William Crassus
William Crassus I aka Le Gros or Gras (died 1219) was an Anglo-Norman noble. He was the son of Stephen II Le Gros and his wife Margaret, daughter of Roger De Mortimer.
Through his father he descended from the House of Blois.
He inherited Sodbury from his uncle, William le Gros. William was granted a licence to hold fairs and markets in (what is now) Chipping Sodbury in 1217.
William was appointed Seneschal of Normandy in 1203 by King John of England. He was a noted kinsman and follower of the elder William Marshal, 1st Earl of Pembroke.
William Crassus exchanged with the Wellands family his inherited lands in Chipping Sodbury for land in modern day County Kilkenny, Ireland, at Courtstown near Tullaroan, where he built the Grace Courtstown Castle.

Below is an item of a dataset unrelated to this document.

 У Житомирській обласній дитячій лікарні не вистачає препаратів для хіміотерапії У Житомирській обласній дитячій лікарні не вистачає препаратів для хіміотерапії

During the sixteenth century, this castle was raised to the ground by the Geraldines (FitzGeralds) as the Le Gros/Grace family took the English side with the Butler's against Fitzgerald and Earl of Desmond in the Geraldine rebellion wars 1579.
The limited remains of the castle include an outline of foundation line in blue stone in a farm field. There is a plaque erected at the site of the castle marking the land of the castle which is owned by the farmer Mrs Holmes.
William Crassus I married Margaret, daughter of Robert Fitz Warren. By Margaret he had at least one son, his namesake, William Crassus, or Le Gros.